Lo spirito dell’accoglienza è tanto gratificante da non poterlo descrivere in poche righe. Ospitare nella propria casa un bambino – come nel caso di Lyudmila – che spesso per la prima volta prova l’affetto e la protezione di una famiglia, da tanto ai bambini, ma forse ancora di più restituisce alle famiglie ospitanti.
Patrizia racconta del suo sogno di scrivere un libro, oggi realtà. «L’anno successivo al disastro nucleare di Chernobyl, l’ONU – spiega Patrizia – ha fatto un appello a tutti i popoli del mondo, di accogliere per almeno un mese fuori dal territorio contaminato, i bambini coinvolti, in modo da far scomparire o almeno in parte, alcune radiazioni. L’Italia è stato il Paese che ha risposto di più e la mia famiglia era una di quelle. Dall’esperienza di accoglienza è nata l’idea di questo romanzo. Per la verità non è nato come un romanzo, ma è nato come una necessità mia di scrivere le emozioni che avevo vissuto. Inaspettatamente ho trovato un editore disposto ad investire su questo libro e quindi siamo partiti in questa avventura».

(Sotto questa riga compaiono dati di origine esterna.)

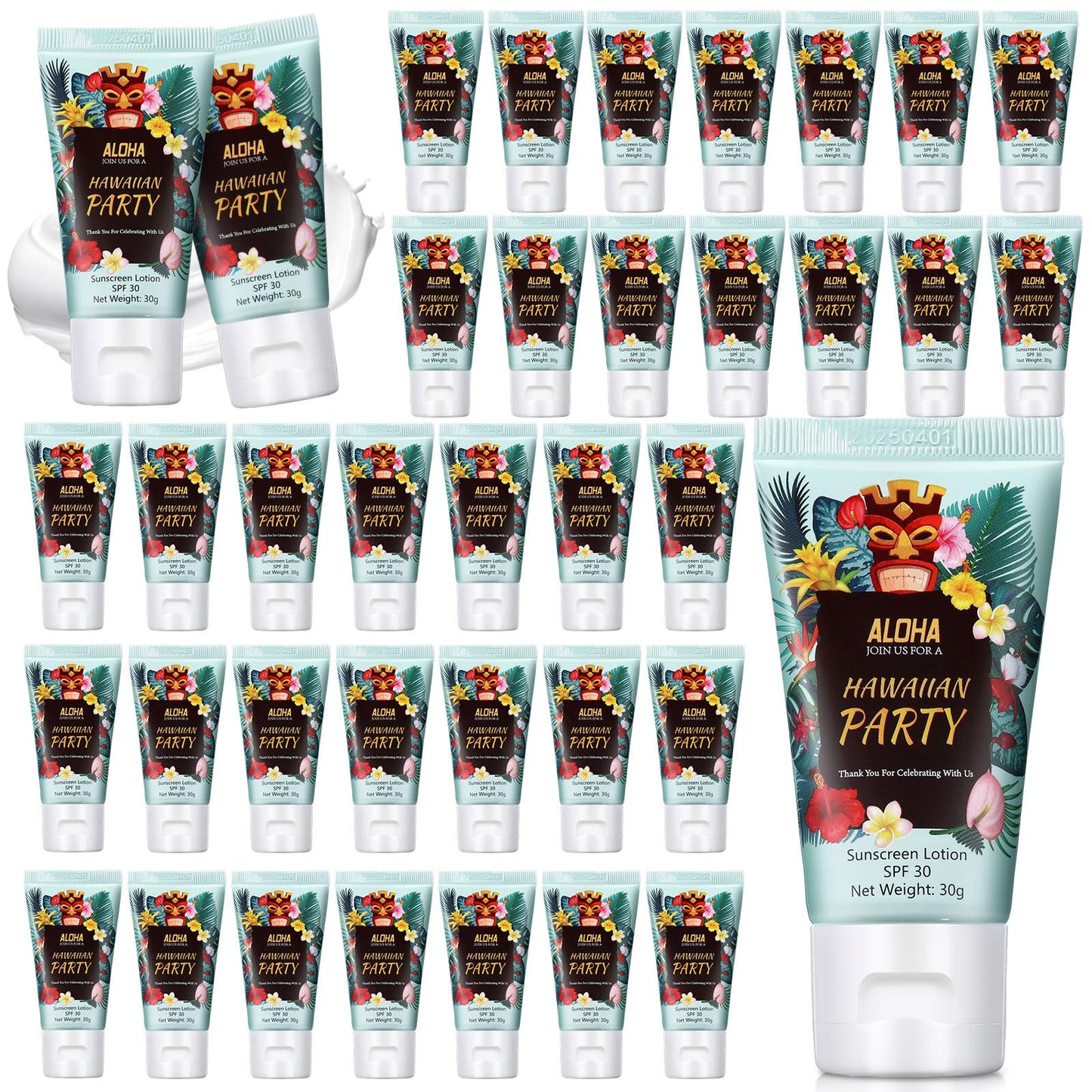Dansib 36 Pcs Mini Sunscreen Bulk for Hawaiian Party Spf 30 Water Resistant Sunscreen Lotion Bulk 1oz Travel Size for Summer Party Supplies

«La protagonista del racconto è proprio Lyudmila – continua Patrizia – la bambina che noi abbiamo ospitato. Lei è nata nel 1986, l’anno del disastro nucleare di Chernobyl. È venuta ospite a casa nostra che aveva quasi 8 anni. Nella prima parta, in cui racconto esattamente quello che è successo quando è arrivata da noi, descrivo tutte il suo stupore nel vedere una doccia, una tavola apparecchiata, la biancheria intima. Lei veniva da un villaggio di campagna nella Bielorussia meridionale, una parte molto colpita dal disastro nucleare. Ma lei non sapeva nemmeno cosa fosse Chernobyl. Vivendo in quelle zone di campagna, senza televisione e grandi mezzi di comunicazione, cresceva nell’ignoranza. È arrivata a casa nostra rachitica, con dei vestiti piccolissimi, tutta sporca e con delle scarpe giganti della sorella».
Perché “Marmellata di prugne”? «l’ho scelto perché mia madre mi ha cresciuta con quella marmellata fatta in casa e quando Lyudmila veniva in Italia ci facevamo merenda insieme. Quell’odore e quel sapore a me ricordano casa, a lei ha ricordano le estati lontane in Italia»
Oggi Lyudmila vive in Bielorussia per scelta, sta crescendo due bambine da sola, perché il compagno da cui le ha avute, dopo averla massacrata di botte, è sparito. La fortuna, se così possiamo definirla, di Lyudmila è stata proprio fare queste ‘vacanze’ in Italia. Le hanno permesso di conoscere un’altra realtà e l’hanno arricchita di un bagaglio culturale che ancora oggi le torna utile. «Anche se, paradossalmente, quelli che si sono ‘arricchiti’ di più in tutti questi anni, siamo noi, proprio grazie a lei».